Оно появляется, и целый сонм спутников сопровождает его. И это веселые спутники, их лица смеются, и я тоже начинаю смеяться. Я смеюсь, удивляюсь тому, что грусть, и чувство обиды, и одиночество приятны и бодрящи.
Я владею секретом превращения грусти в бодрость. В любой момент я могу воспользоваться им. Но мне приятней грустить: я закрываю глаза, сладкая дрожь пронизывает меня. Я открываю глаза и среди синего неба вижу радугу, потому что на ресницах у меня слезы.
Я люблю читать, кривляясь перед самим собой. Я плачу, отлично сознавая веселость свою, я ставлю себя на место героя и хочу быть таким, как он.
Иногда он кажется мне недостижимым, а иногда я говорю себе, что не было в мире такой судьбы – ни действительной, ни вымышленной, – которую можно было бы сравнить с судьбой, предназначенной мне, что я лучше всех и жизнь моя будет замечательной.
Герой живет во Франции.
Я поднимаю взгляд. Передо мной кирпич и зелень, по кирпичу движется листва, – это моя Франция, сочетание кирпича и зелени! Вместе с героем идем мы под кирпичом и зеленью, в некоей Франции, стране моего будущего… Вот как я читаю, папа!
Мне кажется, что развитие мужской судьбы, мужского характера не в малой степени предопределяется тем, привязан ли был мальчик к отцу.

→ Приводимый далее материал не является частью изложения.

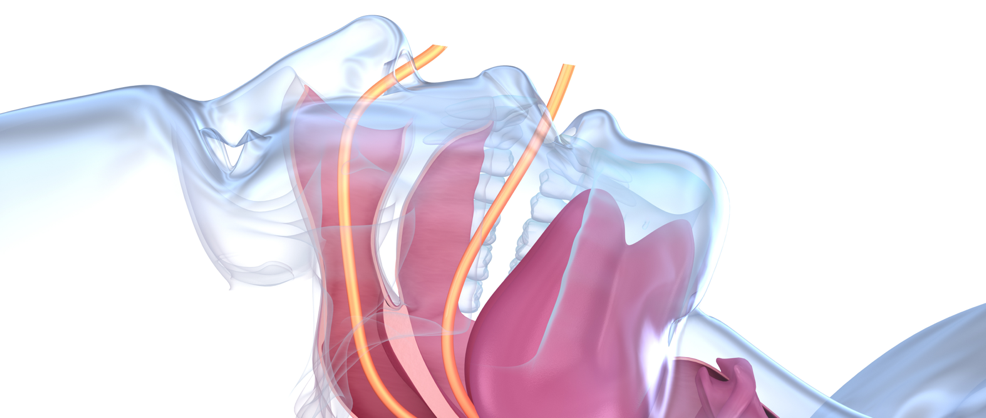 airway therapy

Быть может, можно разделить мужские характеры на две категории: одну составят те, которые слагались под влиянием сыновней любви, другую – те, которыми управляла жажда освобождения, тайная, несознаваемая жажда, внезапно во сне принимающая вид постыдного события, когда человека обнажают и разглядывают обнаженного.
Так возникает мысль о бегстве, о дороге, о сладости быть униженным, о вознаграждении жалостью, о войне, о солдате, о безрукости.
Так образуются ночи, когда мальчик думает о том, что он подкидыш.
Так начинаются поиски: отца, родины, профессии, талисмана, который может оказаться славой или властью.
Так создается одиночество – навсегда, одинокая судьба, удел человеку оставаться одиноким везде и во всем. Его называют мечтателем, над ним смеются; он допускает это, он и сам смеется с другими, – и люди объясняют это тем, что он ничтожен, угодлив, он идет одиноко, втянув в плечи голову, в которой тщеславие, высокомерие, самоунижение, презрение к людям, сменяющееся умилением, мысли о смерти образуют никогда не утихающую бурю.
Она не вырывается за пределы этого болезненного черепа, человек укрощает ее, втягивая голову в плечи, и только иногда он оборачивается вслед засмеявшимся, и засмеявшийся видит тогда, что на лице, которое его всегда смешило, сверкает собачий оскал.
1928
Примечания
[1] Имена знаменитых авиаторов и конструкторов летательных аппаратов.